It also enables us to experiment with additional heuristics and perhaps Bayesian
filters to determine if an HTML element contains a high enough fraction of blocked
URLs and only a small fraction of potentially important information so that
the entire element should be blocked. In that case, our program could place
the element in a “recommended for exclusion” list.
Much of our experimentation to date has been using Java, but we believe it will be easy to port our programs to JavaScript used by AdBlock, since our algorithms are extremely light-weight and do not use any special language features.
We have begun to modify the AdBlock plugin for Mozilla Firefox. The plugin uses JavaScript and XUL, but since there is no dedicated development environment for this combination, the edit-run-debug cycle is somewhat painful. The tasks at hands are not actually that difficult, but it is hard to become familiar with the systems within Firefox, which are actually non-trivial. All the code is somewhat spread out, with different files determining different runtime features of a single dialog box, for example, and many different aspects of Firefox figure even into seemingly easy tasks.

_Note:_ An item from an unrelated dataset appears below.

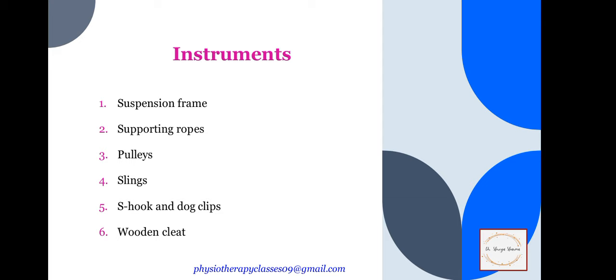Now, the instruments used in suspension therapy. We use many different objects: suspension frame, supporting ropes, pulley, slings, S-hook and dog clips, and wooden cleat.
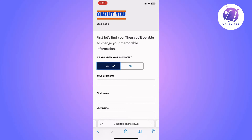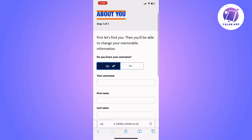By completing this section you will be able to create your memorable information on Halifax. It's super easy — just follow the steps shown. Even if you do not remember your username, you can still do it by entering your account number and sort code, and go from there.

A feature we have added is the ability to get lists of pattern-matching URLs from the web. This is a simple dialog in the preferences window that allows the user to enter a URL. It connects to the specified web server, downloads and parses the file, and adds it to the user’s block list. This allows the very technically uninclined users to get their Adblock lists from somewhere else, rather than worrying about doing it themselves. We think that this is a considerable forward step in usability since most users simply want to set up adblocking software and be done with it, not continuously interact with it like hackers might be inclined to do. We suspected that certain persons will establish reputations as being providers of good, correct block lists and most users will simply accept those lists. This could be extended into a ranking or karma scheme as we proposed earlier, but this will be beyond the scope of this class project.
We are currently working on converting the Java code developed earlier into JavaScript, and we are continuing our attempts to determine which non-wildcard URLs should be combined into a wildcard URL.

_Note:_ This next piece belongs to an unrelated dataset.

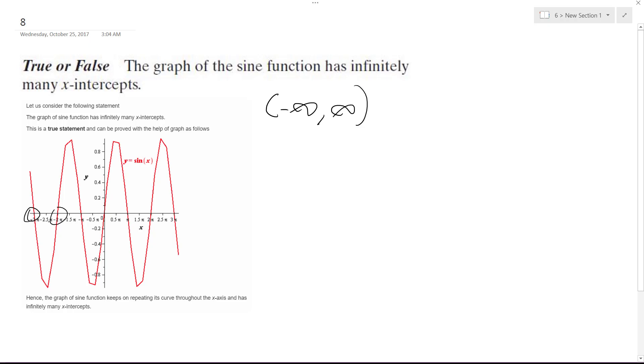Because if you look here, we have all these intercepts: zero, pi, two pi, three pi, and so forth, and it will do this forever indefinitely. So I hope that helps you, thanks.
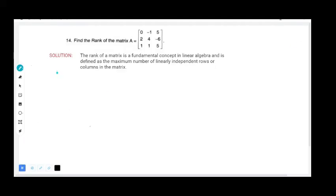Hello students, welcome back to my channel NJ Math World. Today I'm here to explain the first semester BCA question paper February-March 2023, Mathematical Foundation. We are going to solve question number 14 of paper 2023, which asks us to find the rank of the matrix.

We are also going to integrate our enhancements into the AdBlock install script.
We have successfully ported our Java sources to JavaScript and integrated them in a testbed within Firefox/Adblock. We are now modifying the Adblock GUI to better integrate these features.
Since the development of the web update feature progressed faster than expected, we have decided to add an auto-update feature that downloads new filters every few days.
We now have a version of automatic blocking that works. All the user need to do is click on an image, and its URL gets added to the list of URLs that serves as source for the generation. We still need to improve certain aspects, though: Often, the auto-generated patterns get too general and block images the user may want to keep. Also, we believe we have to build in better treatment for file extensions, protocols, and top-level domains. Right now, we treat these parts of the URL just as series of characters instead of as a special feature, which sometimes causes URLs to be merged that should be kept separate.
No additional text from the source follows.